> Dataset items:
┄┄┄┄┄┄┄┄┄┄
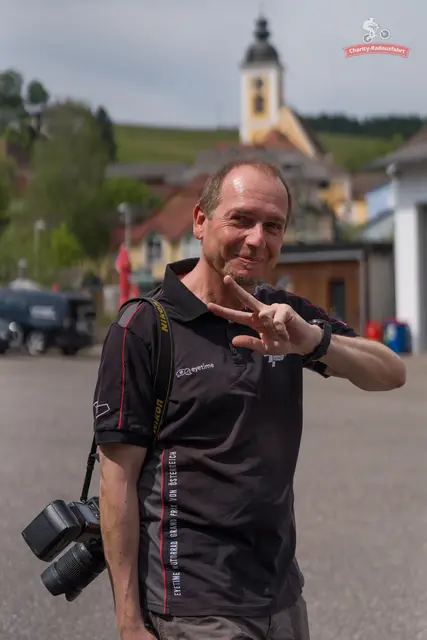 Foto: Fototeam Charity Radausfahrt 2026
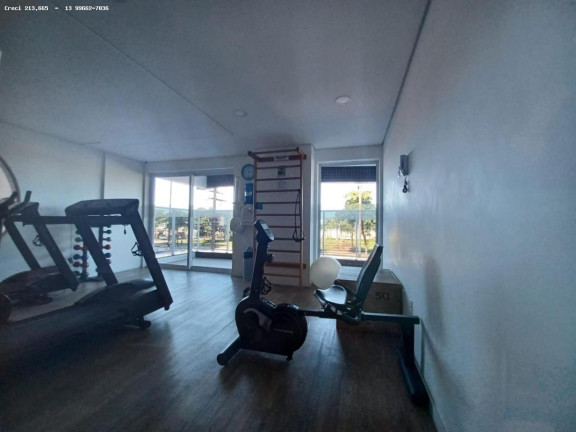 Imagem Apartamento com 3 Quartos à Venda, 84 m² em José Menino - Santos Imagem Apartamento com 3 Quartos à Venda, 84 m² em José Menino - Santos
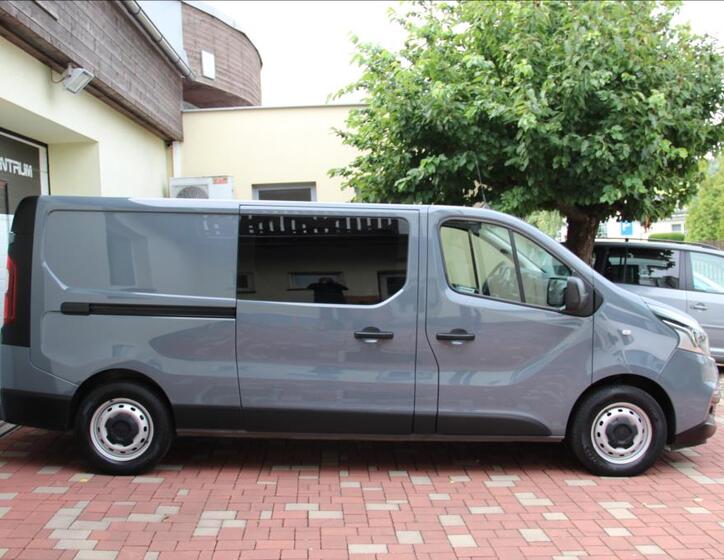 Fiat Talento 6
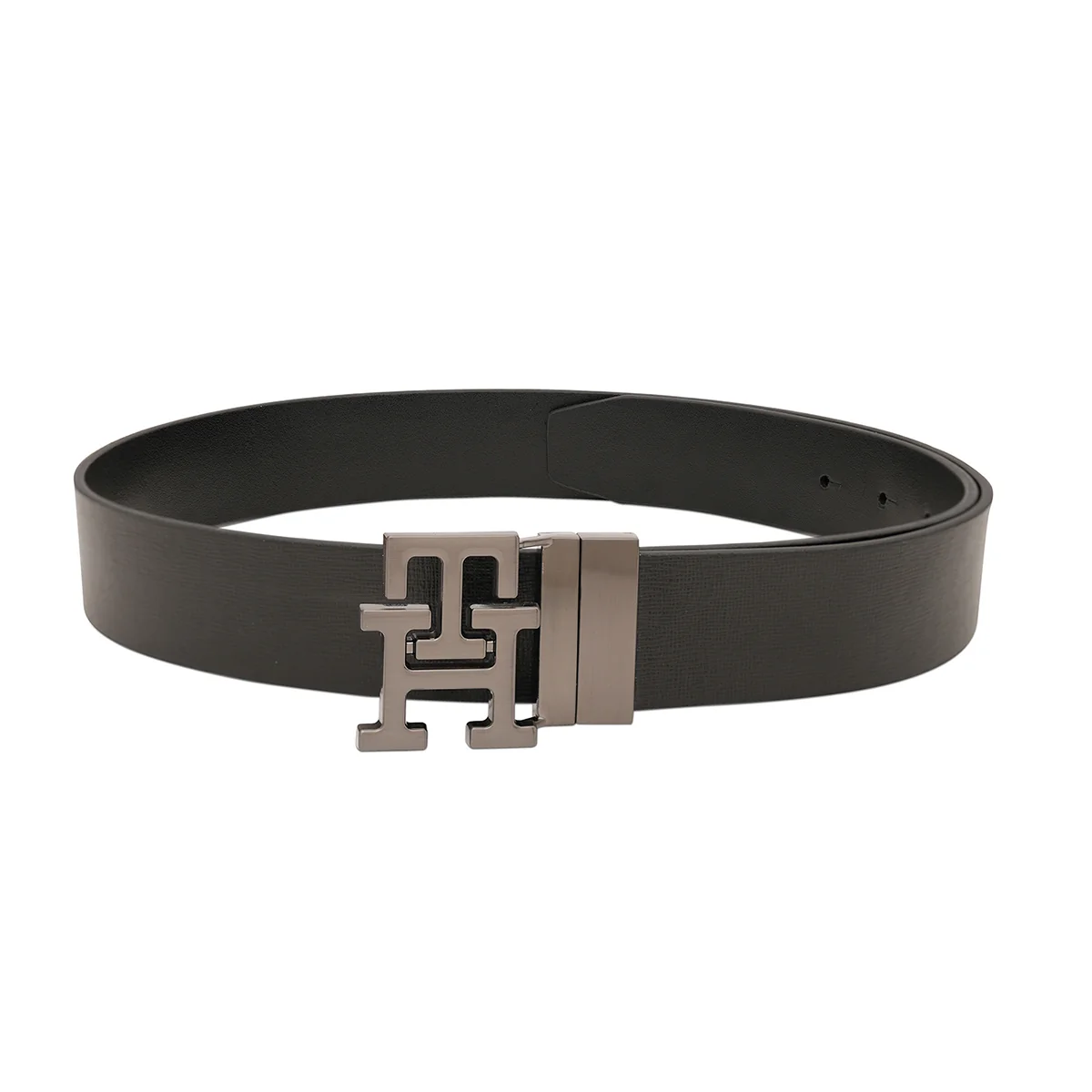 Tommy Hilfiger Phnom Men's Reversible Belt - Image 2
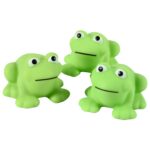 Bathtime Fun Vinyl Bath Toys, 3-ct. Packs - Image 4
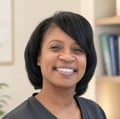 Donna Saunders-Morgan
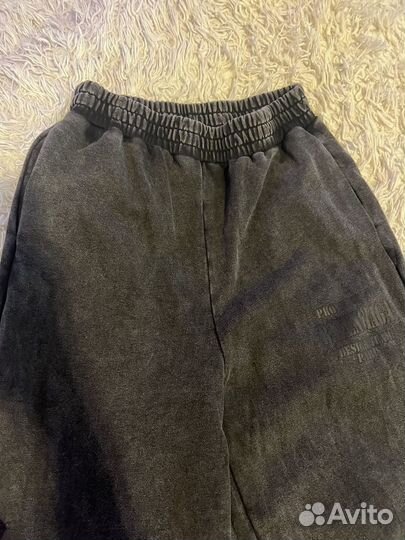 Спортивный костюм женский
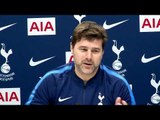 Pochettino: Give Lucas Moura time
┄┄┄┄┄┄┄┄┄┄
> Directions for this task: The whole of the data needs to be copied word for word, though not its pictures.

> Answer area:
 Foto: Fototeam Charity Radausfahrt 2026
 Imagem Apartamento com 3 Quartos à Venda, 84 m² em José Menino - Santos Imagem Apartamento com 3 Quartos à Venda, 84 m² em José Menino - Santos
 Fiat Talento 6
 Tommy Hilfiger Phnom Men's Reversible Belt - Image 2
 Bathtime Fun Vinyl Bath Toys, 3-ct. Packs - Image 4
 Donna Saunders-Morgan
 Спортивный костюм женский
 Pochettino: Give Lucas Moura time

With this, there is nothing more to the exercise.